◆ PROBLEM ◆
Give the data below again exactly as it stands. Omit the pictures.

*** INPUT DATA ***

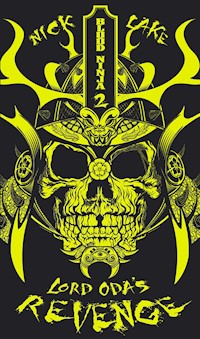 Lord Oda's Revenge: Blood Ninja II - Nick Lake - E-Book
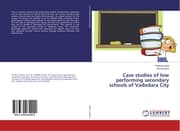 Cover von Case studies of low performing secondary schools of Vadodara City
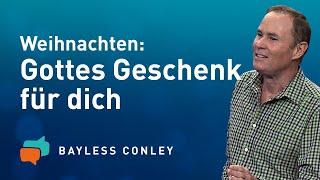 GOTTES WEIHNACHTSGESCHENK für dich  – Bayless Conley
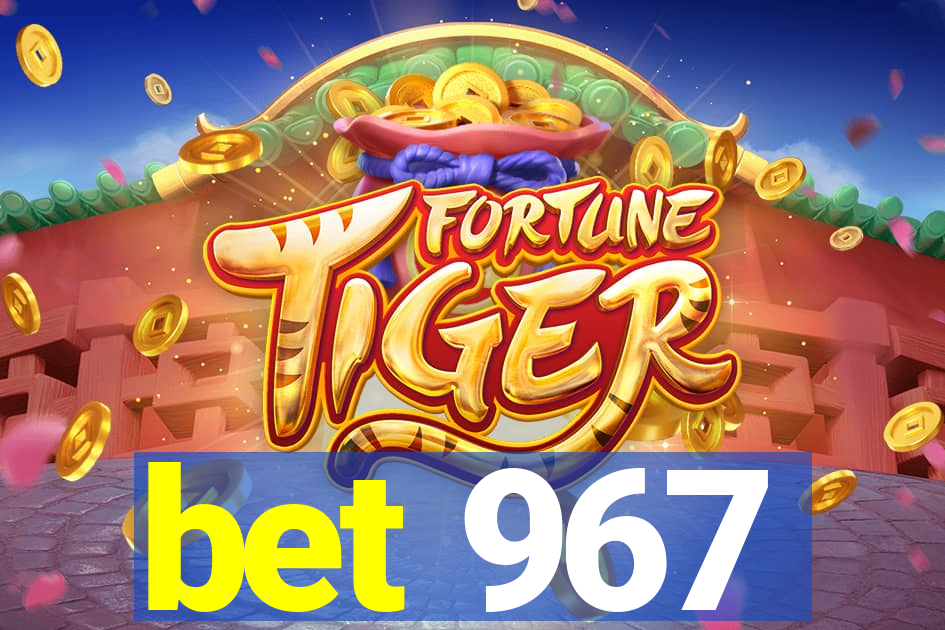 bet 967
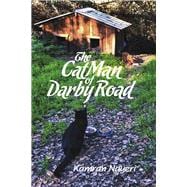 The Cat Man of Darby Road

***

◆ COMPLETED TASK ◆
 Lord Oda's Revenge: Blood Ninja II - Nick Lake - E-Book
 Cover von Case studies of low performing secondary schools of Vadodara City
 GOTTES WEIHNACHTSGESCHENK für dich  – Bayless Conley
 bet 967
 The Cat Man of Darby Road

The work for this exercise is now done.